- _Exercise instructions_:
Copy exactly the lines of the material below that fall between the line with "flight case SPX-14U 1" and the line with "Vianna, Feeling Deep - Nonstop (Original Mix)", both of those lines included; pictures stay out.

- _Material shown_:
══════
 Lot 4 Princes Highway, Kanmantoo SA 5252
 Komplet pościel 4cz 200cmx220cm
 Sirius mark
══════
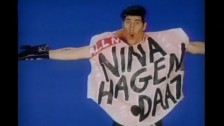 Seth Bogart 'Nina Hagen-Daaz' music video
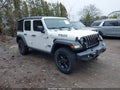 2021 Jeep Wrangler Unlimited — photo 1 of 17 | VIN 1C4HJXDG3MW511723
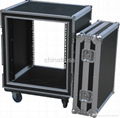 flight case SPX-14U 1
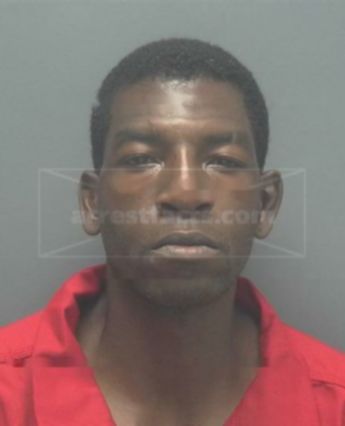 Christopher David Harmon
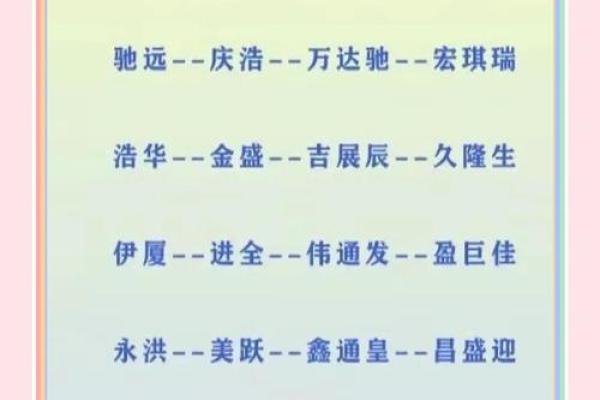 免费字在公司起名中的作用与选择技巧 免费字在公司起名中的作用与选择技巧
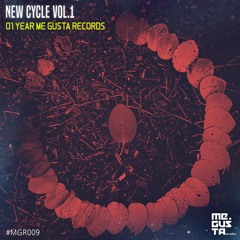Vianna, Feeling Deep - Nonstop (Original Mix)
══════
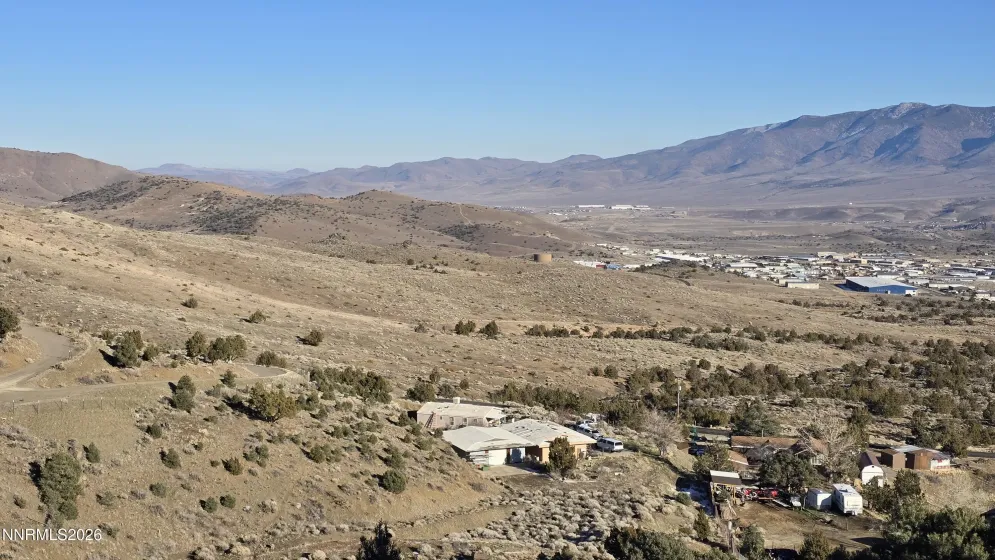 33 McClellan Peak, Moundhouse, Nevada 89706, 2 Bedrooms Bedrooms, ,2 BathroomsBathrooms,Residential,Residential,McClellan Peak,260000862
══════
- _Response box_:
 flight case SPX-14U 1
 Christopher David Harmon
 免费字在公司起名中的作用与选择技巧 免费字在公司起名中的作用与选择技巧
Vianna, Feeling Deep - Nonstop (Original Mix)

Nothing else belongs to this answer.